Published June 8, 2017

INTO the cauldron of Middle East and Gulf politics, the militant Islamic State group has once again inserted itself with potentially terrifying consequences for a region already mired in tension, conflict and war.

The twin terrorist strikes in Tehran yesterday were designed not just to inflict casualties on the Iranian people, but also to send a signal that the state of Iran itself is under attack.

The choice of targets — the Iranian parliament and the mausoleum of Ayatollah Khomeini, who founded the present-day Iranian state — could not be more potent.

The IS, with its explicitly sectarian agenda, appears to have demonstrated that it has the resources to strike in the heart of the most important Shia-majority country in the Muslim world.

And it has managed to do so at a time when, instead of uniting against the threat the group poses to all nations, the Muslim world is riven by some of the most bitter politics and disputes in years.

Much will depend on how the Iranian state reacts and the position that the Saudi Arabia-led cluster of Muslim countries takes on the attack.

The sensible approach is clear: Saudi Arabia should recognise the peril that the IS poses to all states and immediately adjust its increasingly hawkish approach to Iran and countries allied with it; Iran should reconsider its provocative search for more influence in the Middle East and the Gulf and, instead, focus on the necessary fight against the IS.

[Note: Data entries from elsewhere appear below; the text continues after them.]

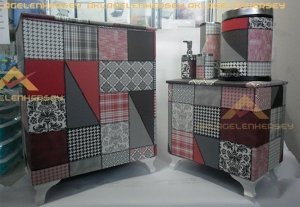 Ücretsiz Kargo 6lı KLEOPATRA DERİ ÇAMAŞIR SEPETİ VE BANYO TAKIMI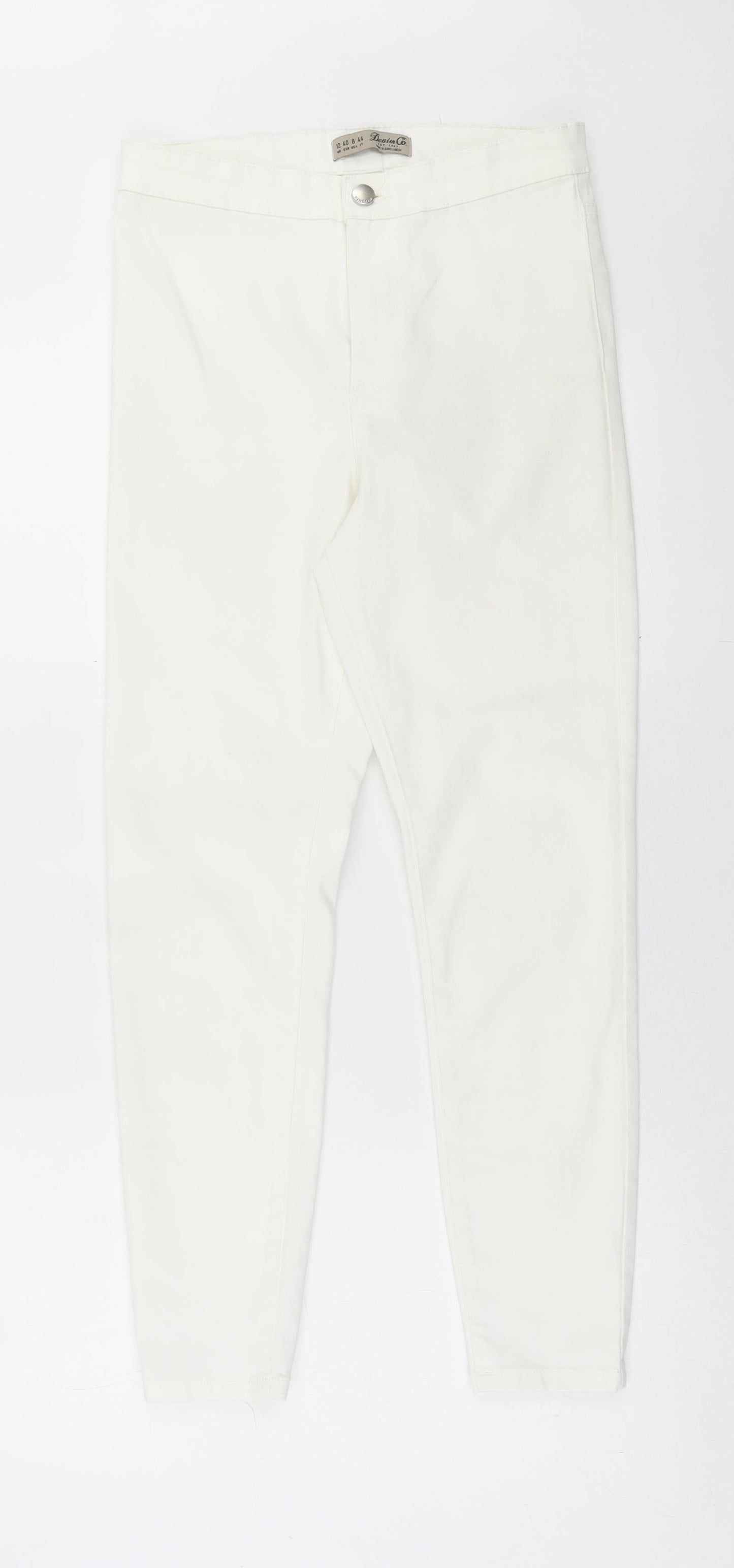 Denim & Co. Womens White  Cotton Skinny Jeans Size 12 L26 in Regular Button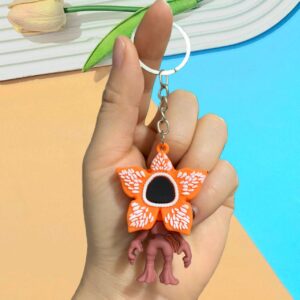Strange plush toy keychain - Orange carnivorous plant / 5.4*3.8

But the sensible approach is likely to have few takers and already hawkish elements in Iran have suggested that Saudi Arabia may have had a role in the Tehran attacks.

With Tehran in recent years accused of cultivating sectarian proxies and non-state militant groups across swaths of the Middle East, the possibility of a fresh wave of violence across the region cannot be ruled out.

Yet, more conflict cannot be regarded as a foregone conclusion in a region where historical rivalries and even enmities have been managed for long stretches.

While the Middle Eastern and Gulf countries will have to take responsibility for maintaining the peace between themselves, two factors appear to have contributed to the new imbalances in the region.

A metastasising IS is clearly a threat to everyone — a terrorist super-group that threatens all countries but that few states appear to truly understand.

It is impossible for states to manage relations among themselves while the IS remains active on the scale it is today.

The second factor is US President Donald Trump and his seemingly mindless quest to destabilise the world order and supplant it with his vision of ‘America First’.

From the Riyadh summit last month have already flowed dangerous new ideas and measures, not least the rapid isolation that Qatar now faces at the hands of fellow GCC members.

Ignorance and recklessness can trigger the most profoundly destabilising of consequences.